Sequence alignment of four typical members of the RdhC enzyme family: PceC (CAG70347.1) of Dehalobacter restrictus (Dre); CprC (AAD44543.2) of Desulfitobacterium dehalogenans (Dde); VcrC (ACZ62389.1) of Dehalococcoides mccartyi strain VS (DmcVS); TmrC (WP_021315090.1) of Dehalobacter sp. strain UNSWDHB (Dhb). The predicted topology is indicated under the alignment: O, outside; I, inside; H, transmembrane α-helices. The bold line above the alignment indicates the predicted FMN-binding domain (FBD, smart00900) with the conserved threonine residue predicted to bind FMN covalently (indicated by the asterisk).

FIGURE 2

Sequence likelihood analysis of 117 representative RdhC proteins. Sequences are annotated with an abbreviation of the corresponding species followed by the reference number. The sequence annotated in bold red is PceC from Desulfitobacterium hafniense, the representative sequence for the protein under investigation in this study. Colors indicate sequences belonging to well-described OHR bacterial genera: red, Dehalobacter and Desulfitobacterium; green, Dehalococcoides and Dehalogenimonas; blue, additional OHRB. Detailed information on the overall database used is available in Supplementary Material (Supplementary Table 2).

FIGURE 3

Conserved sequence motifs in RdhC family. Based on the alignment of the 117 RdhC non-redundant representative sequences, motifs were drawn using Weblogo: (A) the FMN-binding motif, with the fully conserved threonine involved in binding FMN covalently; (B,C) the two CX₃P signatures. Residue numbering follows the alignment.

FIGURE 4

Topology analysis of D. restrictus PceC from shaving experiment. (A) The predicted topology of PceC is shown. In red are indicated the peptides detected at the surface of D. restrictus cells, while in purple the ones exclusively detected in the membrane sample. (B) Graphical view of the number of detected peptides in the membrane sample (in gray) and in the surfaceome (in black).

FIGURE 5

Representative MS/MS spectrum confirming the FMN localization at position T168 of PceC. Diagnostic ions corresponding to the FMN+H and its fragments are highlighted in yellow allowing unambiguous identification of the post-translational modification.

FIGURE 6

Reconstitution strategies for rFBD. (A) Reconstitution of rFBD by reverse urea gradient on Ni-NTA column.
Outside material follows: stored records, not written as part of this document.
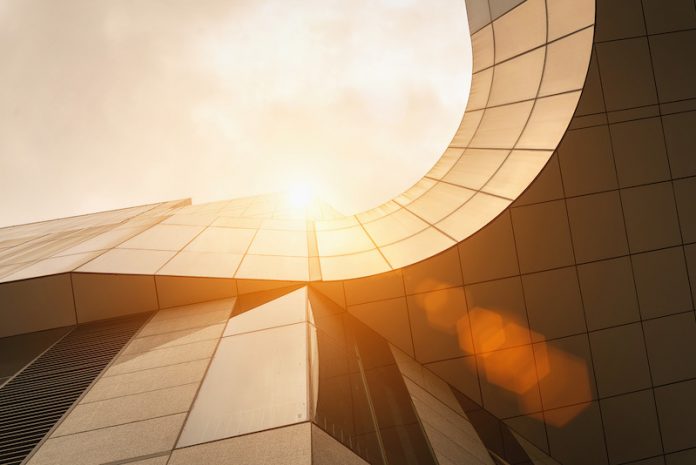 Low,Angle,View,Of,Modern,Golden,Architecture,Exterior,With,Curve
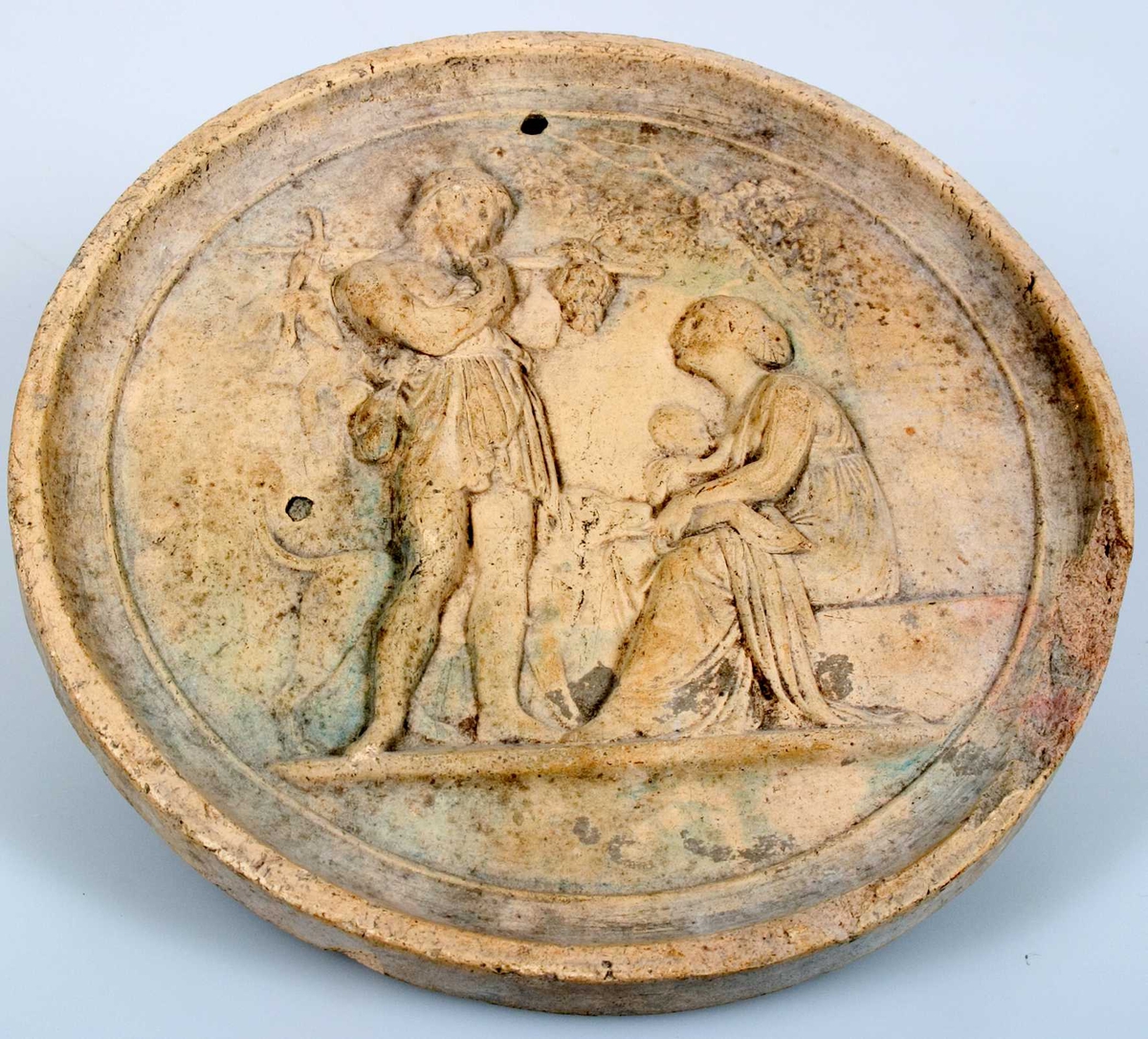 Medaljong, rund av gulaktigt lergods med klassisk figurscen i relief. På baksidan stämplad CAB.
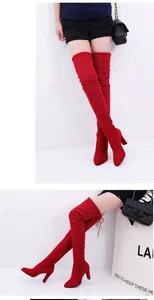 Detail of red suede over-the-knee boots with pointed toe and chunky high heel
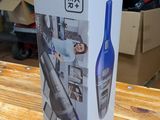 packaging of a black and decker vacuum on a wooden table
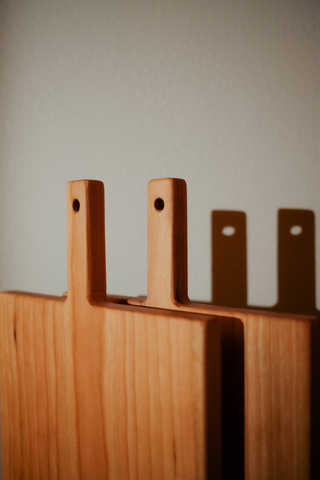Wooden cutting board with handles on a neutral background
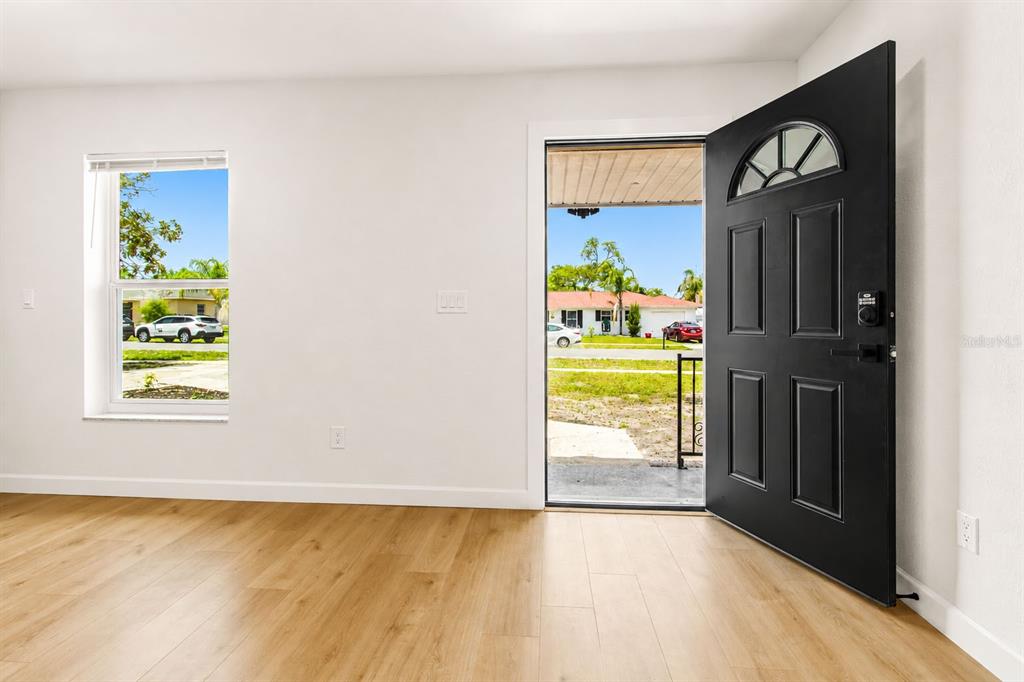 An interior view of a room with light wood flooring, a window, and an open door — 7162 CAMBRIDGE STREET, SPRING HILL, FL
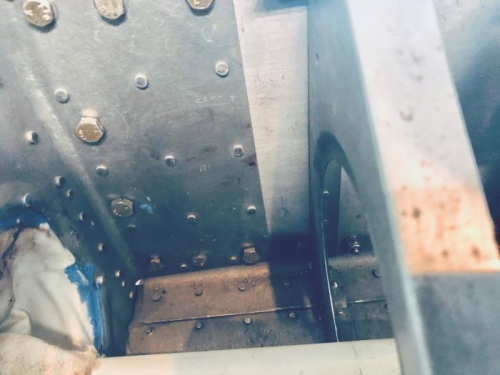 Left aft side of F604 with spar bolts inserted.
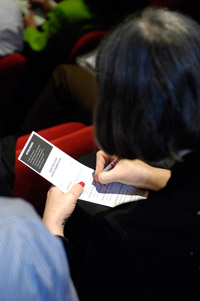 After the MIT150 presentation, attendees filled out commitment cards indicating how they would get involved in the historic event. Many will be planning local get-togethers and service projects. Check the alumni section of the MIT150 website for info as it becomes available: http://mit150.mit.edu/alumni. Photo: Tanit Sakakini.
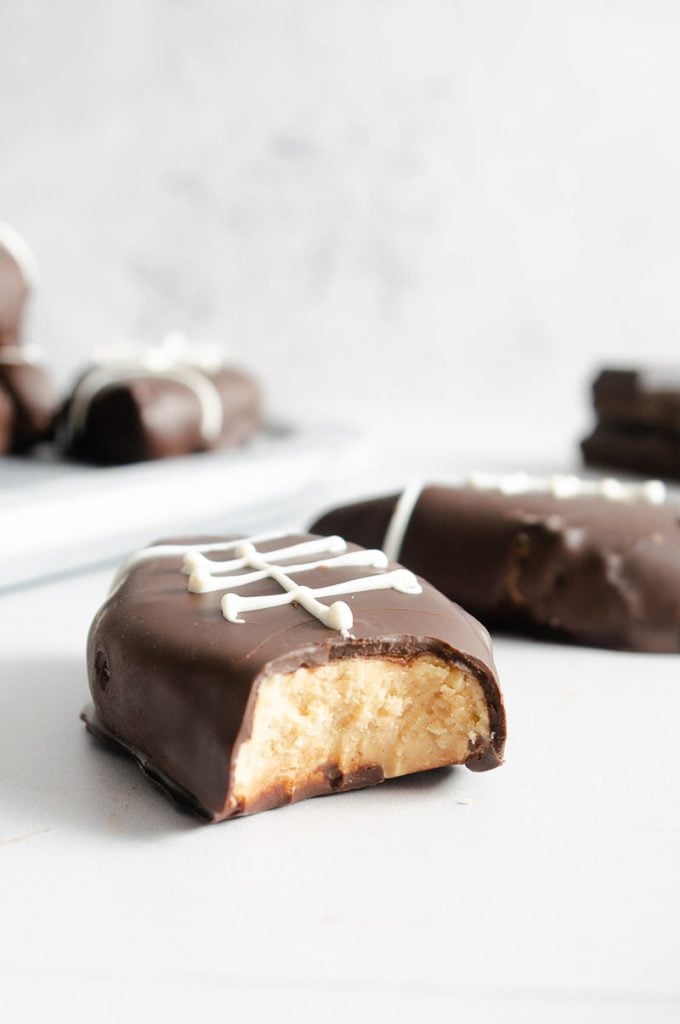 chocolate covered peanut butter football with a bite taken out of it.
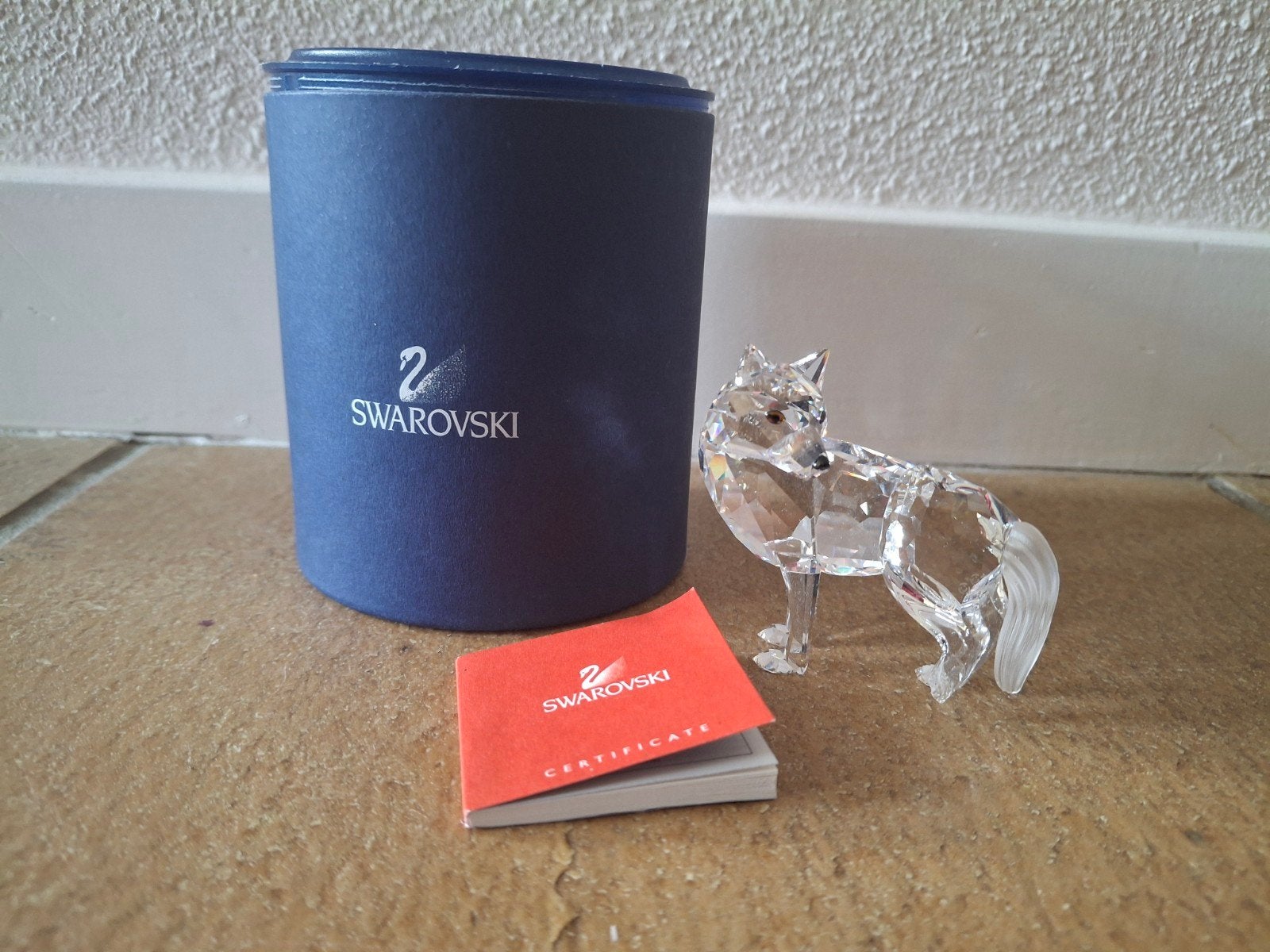 22. Swarovski wolf in doos en met certificaat, Verzamelen, Ophalen of Verzenden, Zo goed als nieuw, Figuurtje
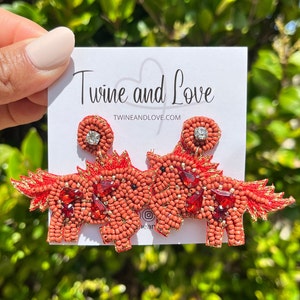 May include: A pair of red beaded earrings shaped like a unicorn with a rhinestone on each ear. The earrings are on a white card with the text "Twine and Love" and "twineandlove.com".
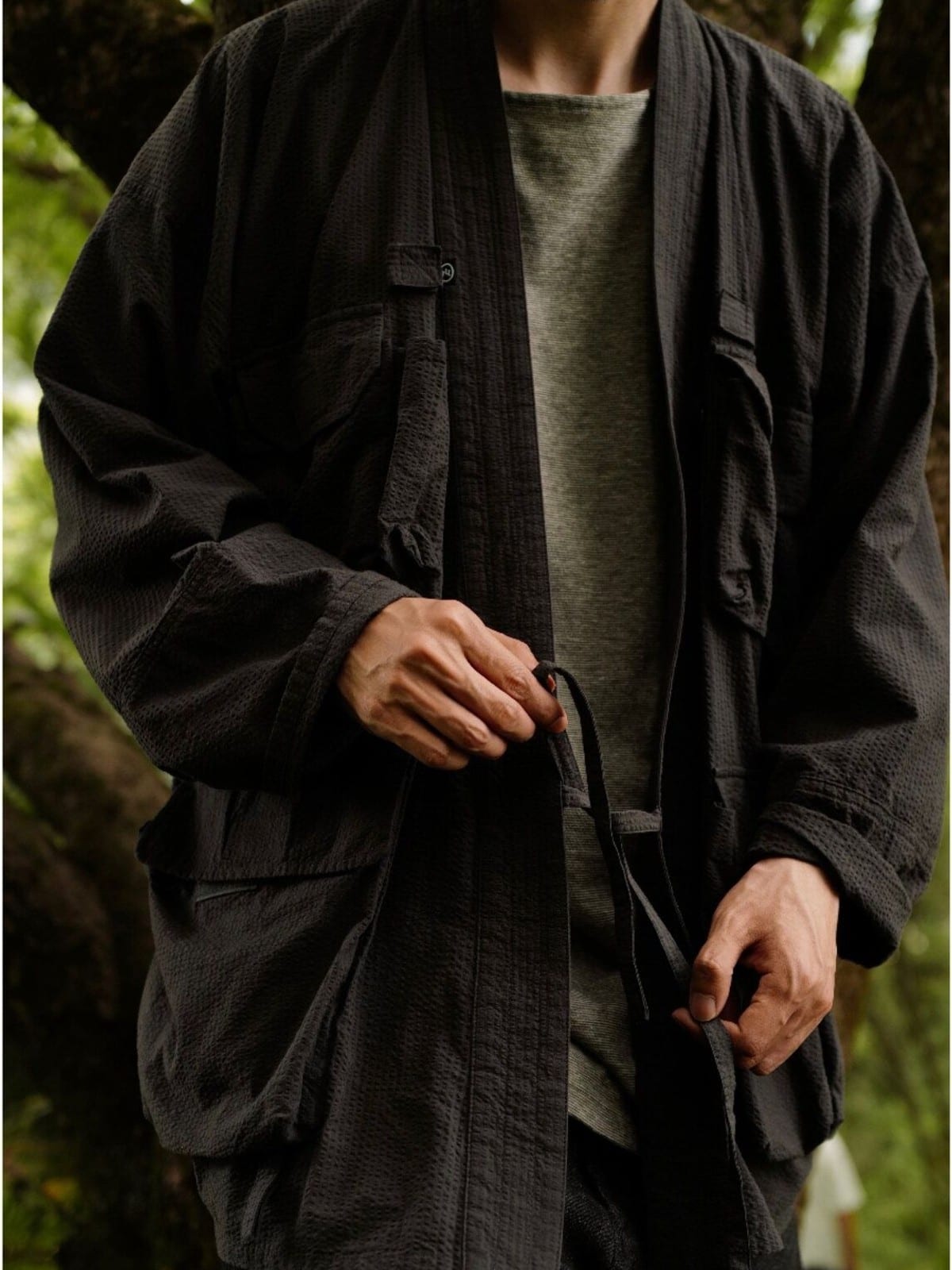 USAGE Reversible Utility Noragi Jacket in Black - On Male Model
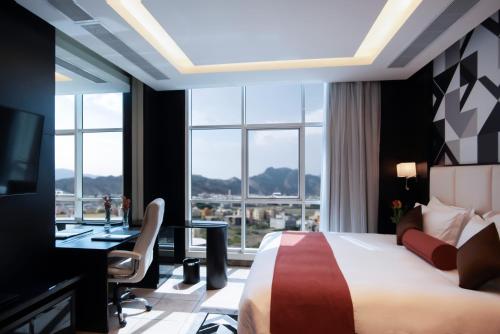 a hotel room with a bed and a desk and a window at Bayat Suites in Muhayil
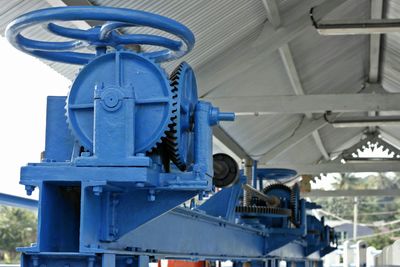 Close-up of machine part against blue sky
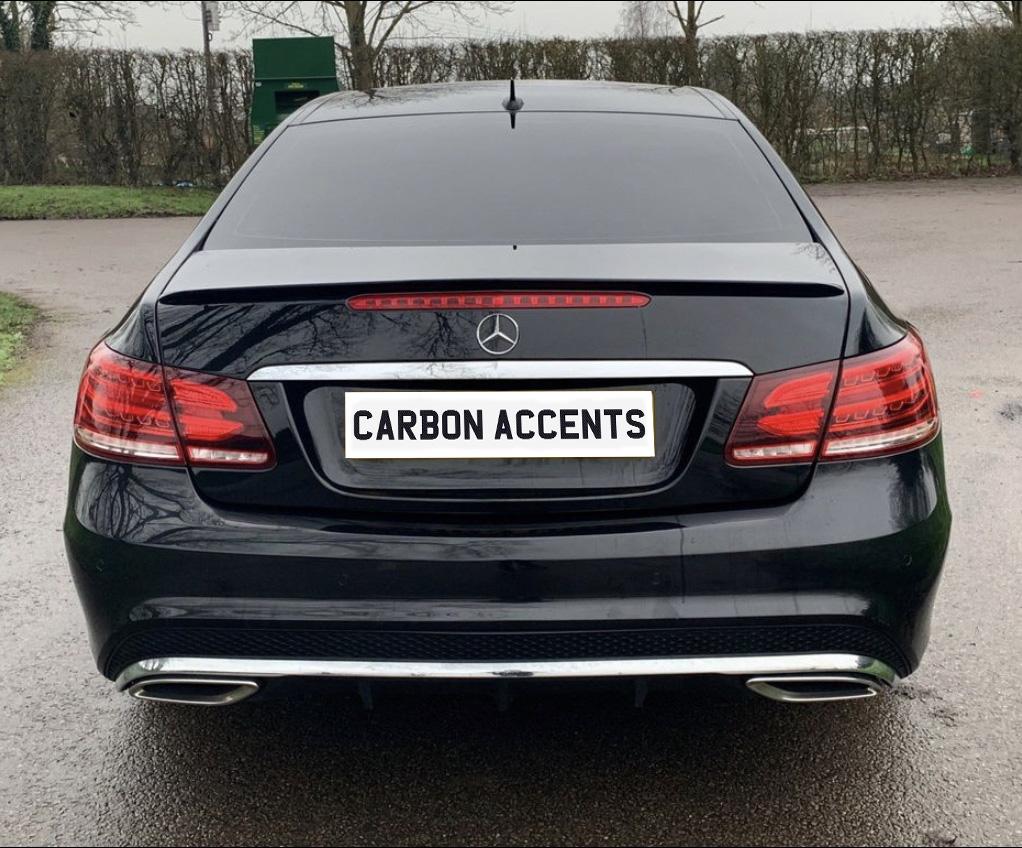 Car with black paint and a "CARBON ACCENTS" license plate remains stationary in a parking area. Background includes leafless trees and a green container.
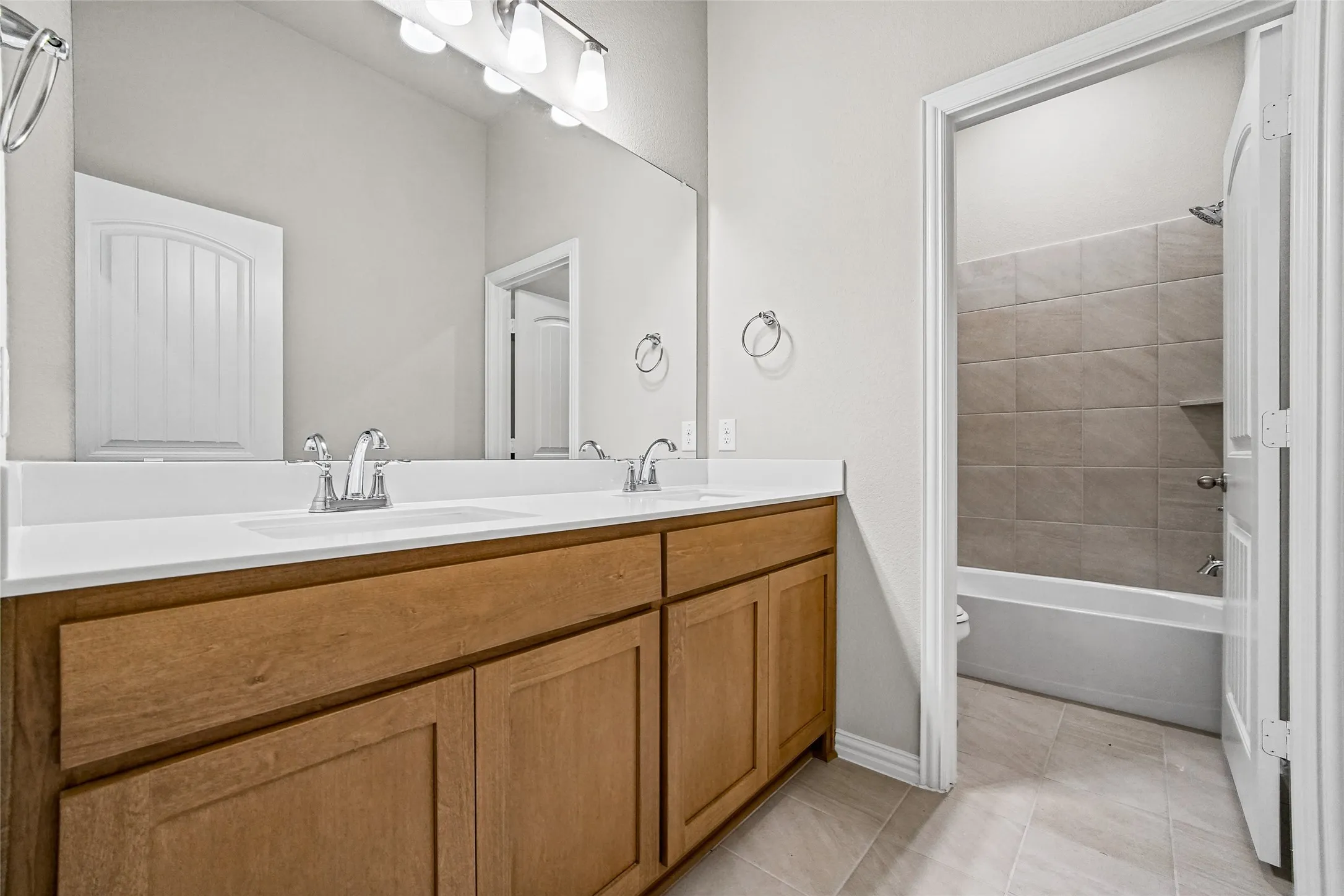 Dual-sink vanity with light wood-finish cabinetry, solid-surface countertop, full-width wall mirror, and chrome finish hardware, with a ceramic-tiled bathtub enclosure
For the reconstitution steps, only the first (R1) and the last sample (R10) are shown. Legend: L, protein ladder; R#, 10 successive gradient steps with decreasing urea concentration; W, wash step; E#, successive eluted samples; U, sample eluted with 4 M urea. (B) Reconstitution of rFBD by dialyzing out urea in a stepwise manner. For both (A,B), the top panels show Coomassie blue stained gels, while the bottom panels display the same gels under UV illumination. Stars indicate rFBD proteins.

FIGURE 7

Reconstitution of rFBD wild-type (WT) and threonine-168 variant (T168V). The top panels show Coomassie blue stained gels, while the bottom panels display the same gels under UV illumination. Stars indicate rFBD proteins. L, protein ladder.

FIGURE 8

Tentative models for the assembly and function of PceC in D. hafniense. (A) PceC (in yellow) is likely inserted in the cytoplasmic membrane while the FBD is in an unfolded state. (B) On the exocytoplasmic face of the membrane, Ftp (in blue) catalyzes the hydrolysis of FAD to FMN and AMP, and attaches FMN to the threonine-168 of PceC, resulting in the folding of the FBD. (C) PceC is hypothesized to build a protein complex with PceA (in red) and PceB (in orange), and to play the role of electron transfer from the menaquinol (MQ) pool to the redox centers of PceA via the FMN cofactor. Yellow diamonds represent the conserved CX₃CP sequence motifs.